Die Abgrenzung zwischen Thoracic-outlet- und Thoracic-inlet-Syndrom ist in der Literatur nicht einheitlich.
Epidemiologie
Die Inzidenz wird auf etwa 2–4 Fälle pro 100.000 Einwohner und Jahr geschätzt. Das neurogene TOS macht etwa 90–95 % aller Fälle aus, während arterielle und venöse Formen deutlich seltener sind. Frauen sind häufiger betroffen als Männer.
Ätiologie
Mögliche Ursachen eines TOS sind:
- angeborene anatomische Varianten
- Halsrippen
- fibröse Bänder
- Processus transversus elongatus des 7. Halswirbels
- erworbene Ursachen
- muskuläre Hypertrophie (z.B. bei Leistungssportlern)
- Kallus nach Klavikulafraktur
- Haltungsschäden
- traumatische Auslöser
Symptomatik
Die Symptome sind abhängig von den betroffenen Leitungsbahnen.
Neurogenes Thoracic-outlet-Syndrom
Der neurologische Befund hängt von den betroffenen Faserbahnen ab.

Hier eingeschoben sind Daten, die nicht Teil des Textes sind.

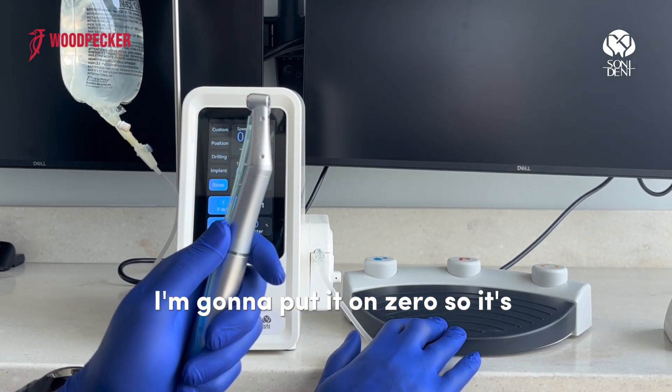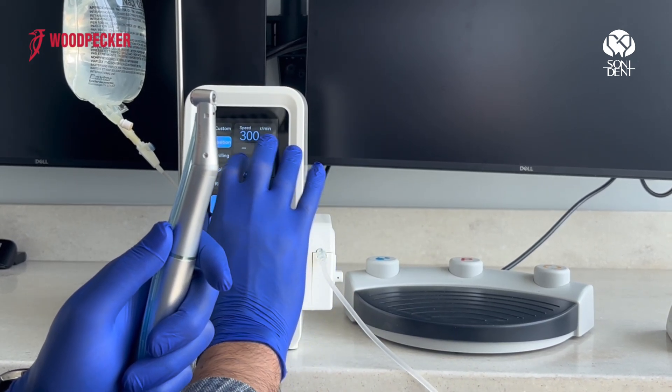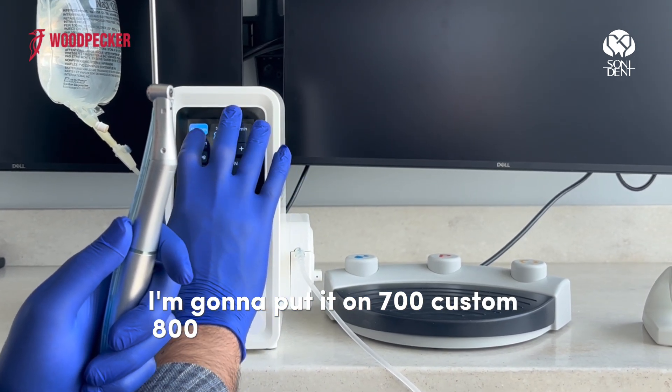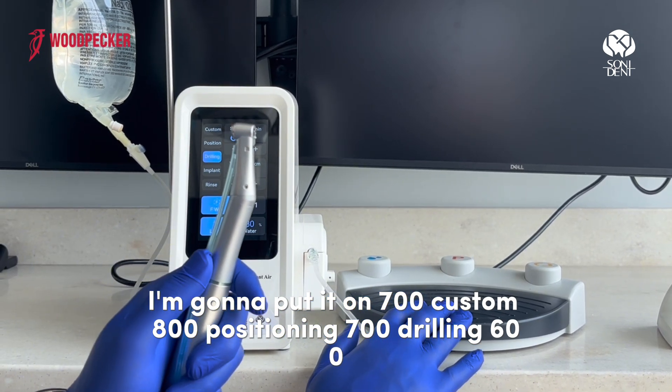I'm going to put the water on zero, so it's not dispensing any water right now. Custom is at 800, positioning at 700, drilling at 600.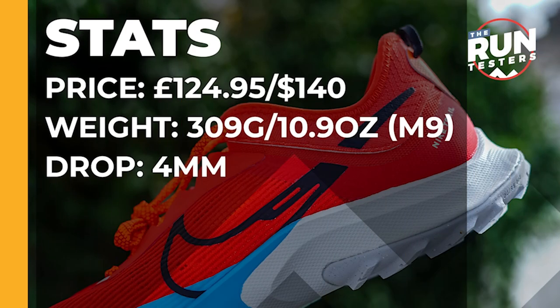The Nike Air Zoom Terra Kiger 8 costs £124.95 or $140. It weighs in at 309g or 10.9oz for men in a size 9, and the drop is 4mm.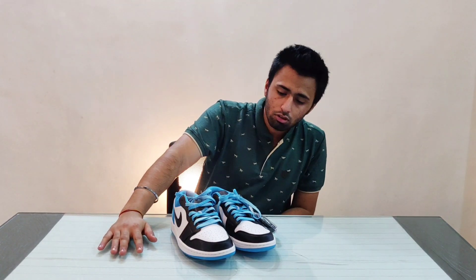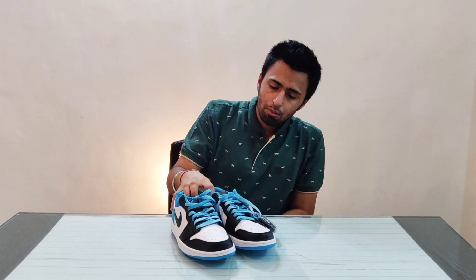The price of the sneakers is 9,000 rupees — to be precise, 8,995 rupees in India. If you get them from Nike.com, which fortunately I was able to since most of the time it's out of stock, they'll cost you around 10,000 rupees because they also charge for delivery.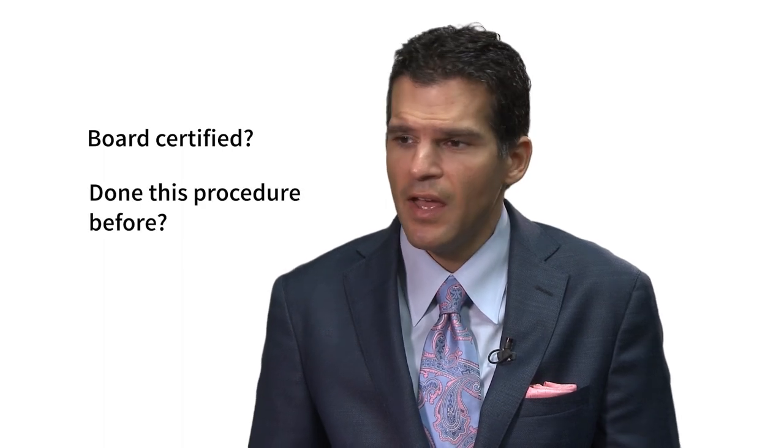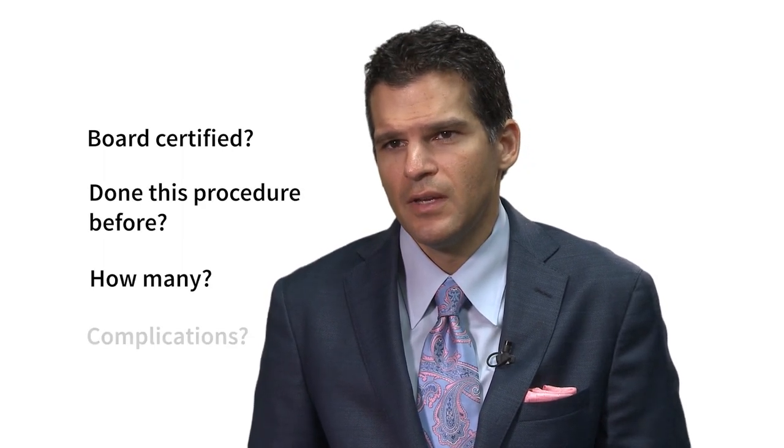Ask questions during your consult — we encourage you to ask questions. Ask if they're board certified, ask if they've done this procedure before, and even ask how many times they've done it. Ask how complications are going to be handled. Every surgery has risks, and knowing ahead of time how your surgeon is going to handle those complications and how well they're going to look after you — get that information up front.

Typisch sind:
- Parästhesien des gesamten Arms mit Hyperhidrose (häufig nachts)
- Kältegefühl
- Schulterschmerzen, in den Arm ausstrahlend
- Sensibilitätsstörungen
- Muskelschwäche
- Paresen und Atrophie einzelner Muskelgruppen (selten)
Die Beschwerden können intermittierend oder dauerhaft auftreten.
Arterielles Thoracic-outlet-Syndrom
Eine arterielle Kompression äußert sich durch Symptome wie:
- Muskelschwäche
- Schmerzen
- Blässe und Minderperfusion mit Kältegefühl in der Hand
Langfristig kann eine kompensatorische Erweiterung von Kollateralgefäßen auftreten.
Venöses Thoracic-outlet-Syndrom
Eine Behinderung des Blutflusses durch eine venöse Kompression zeigt sich häufig durch:
- Zyanose
- Spannungsgefühl
- Schwellung von Hand und Arm
Diagnostik
Die Diagnostik umfasst u.a.:
- Anamnese und Schmerzanamnese
- klinische Untersuchung und Funktionsdiagnostik
- Provokationstests (Adson-Test, Roos-Test, Wright-Test, Eden-Test)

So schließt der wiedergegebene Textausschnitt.